Israël multiplie ses frappes sur le territoire syrien, ciblant tour à tour des dépôts d’armes, des positions militaires et des responsables soupçonnés de liens avec l’Iran. Ces actions fragilisent davantage le processus de reconstruction étatique en rappelant que le pays reste un champ de confrontation par procuration. Washington, de son côté, conditionne son soutien à des avancées concrètes en matière de lutte contre le terrorisme et de respect des minorités, tout en maintenant des sanctions économiques qui étranglent une économie déjà exsangue.
Le contexte plus large du Moyen-Orient complique encore la tâche. La guerre à Gaza, les tensions permanentes au Liban, l’affaiblissement de l’Iran sous le coup des sanctions et des bombardements israéliens, ainsi que la montée en puissance d’une Turquie de plus en plus autoritaire, créent un climat de recomposition régionale. Dans ce tumulte, la Syrie peine à trouver sa place, oscillant entre les attentes pressantes des grandes puissances, les calculs de ses voisins et les aspirations contradictoires de sa propre population.
Au cœur des doutes, une question centrale demeure : la Syrie est-elle capable de bâtir un État impartial, garant de l’égalité entre ses citoyens ? Les massacres récents contre les minorités alaouite et druze rappellent la profondeur des fractures confessionnelles, tandis que les promesses de justice transitionnelle peinent à se traduire en actes. La méfiance des minorités reste forte, nourrie par le passé récent et les comportements ambigus des nouvelles forces de sécurité.
L’élection du Parlement transitoire le 5 octobre sera un test décisif. Plus qu’un scrutin, il s’agira de mesurer la capacité des nouvelles autorités à s’extraire d’une logique de domination islamiste et à donner un espace aux technocrates, aux femmes et aux minorités. Ce processus fragile pourrait ouvrir la voie à une reconstruction politique et institutionnelle, mais il pourrait aussi renforcer les logiques d’exclusion si l’Assemblée devient une simple chambre d’enregistrement.

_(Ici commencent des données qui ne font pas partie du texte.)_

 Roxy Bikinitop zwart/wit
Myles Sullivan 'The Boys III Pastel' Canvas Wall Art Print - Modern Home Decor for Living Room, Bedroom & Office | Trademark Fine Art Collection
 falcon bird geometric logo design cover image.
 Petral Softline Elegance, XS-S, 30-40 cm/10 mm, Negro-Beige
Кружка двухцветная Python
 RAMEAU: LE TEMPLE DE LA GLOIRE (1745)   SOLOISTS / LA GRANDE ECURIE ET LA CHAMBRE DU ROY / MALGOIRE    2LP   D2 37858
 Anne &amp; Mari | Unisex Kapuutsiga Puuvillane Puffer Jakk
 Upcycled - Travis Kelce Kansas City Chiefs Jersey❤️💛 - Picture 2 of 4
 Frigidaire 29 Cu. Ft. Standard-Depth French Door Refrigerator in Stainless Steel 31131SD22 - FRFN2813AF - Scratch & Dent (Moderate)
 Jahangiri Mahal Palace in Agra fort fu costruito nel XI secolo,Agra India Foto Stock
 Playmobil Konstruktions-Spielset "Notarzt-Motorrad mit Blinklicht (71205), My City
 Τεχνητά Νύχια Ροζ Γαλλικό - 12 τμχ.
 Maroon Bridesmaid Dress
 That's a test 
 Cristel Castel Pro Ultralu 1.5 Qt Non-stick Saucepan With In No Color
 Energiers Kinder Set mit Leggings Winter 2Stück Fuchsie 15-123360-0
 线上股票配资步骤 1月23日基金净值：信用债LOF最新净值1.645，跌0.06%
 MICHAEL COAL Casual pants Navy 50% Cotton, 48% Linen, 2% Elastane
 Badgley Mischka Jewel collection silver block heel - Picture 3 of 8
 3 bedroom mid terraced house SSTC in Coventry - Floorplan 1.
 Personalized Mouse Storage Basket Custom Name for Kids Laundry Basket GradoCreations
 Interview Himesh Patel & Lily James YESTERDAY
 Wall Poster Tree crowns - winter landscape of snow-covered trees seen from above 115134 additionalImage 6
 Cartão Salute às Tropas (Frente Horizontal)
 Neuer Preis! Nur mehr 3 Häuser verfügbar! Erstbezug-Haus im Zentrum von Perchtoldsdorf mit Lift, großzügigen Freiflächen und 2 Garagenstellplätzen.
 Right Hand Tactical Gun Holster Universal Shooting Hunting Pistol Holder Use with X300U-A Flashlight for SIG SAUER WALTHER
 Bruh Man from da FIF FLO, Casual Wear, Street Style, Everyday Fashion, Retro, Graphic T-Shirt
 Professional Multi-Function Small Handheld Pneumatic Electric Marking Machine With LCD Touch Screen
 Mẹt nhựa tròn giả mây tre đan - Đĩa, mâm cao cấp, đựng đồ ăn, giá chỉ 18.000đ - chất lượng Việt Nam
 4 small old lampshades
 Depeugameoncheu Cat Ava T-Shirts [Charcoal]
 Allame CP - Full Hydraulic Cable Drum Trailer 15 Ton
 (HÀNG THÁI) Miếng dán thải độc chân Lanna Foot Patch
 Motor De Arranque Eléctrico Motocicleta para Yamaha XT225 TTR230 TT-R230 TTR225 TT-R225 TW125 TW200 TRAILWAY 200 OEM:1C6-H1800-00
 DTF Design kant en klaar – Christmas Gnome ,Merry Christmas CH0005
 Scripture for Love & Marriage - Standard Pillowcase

La Syrie se trouve ainsi au carrefour de son histoire : entre le risque de replonger dans l’autoritarisme sous d’autres formes et la possibilité d’engager un véritable processus d’inclusion nationale. L’avenir dépendra autant de la volonté des nouvelles élites que du soutien de la communauté internationale, appelée à accompagner sans dicter, encourager sans enfermer.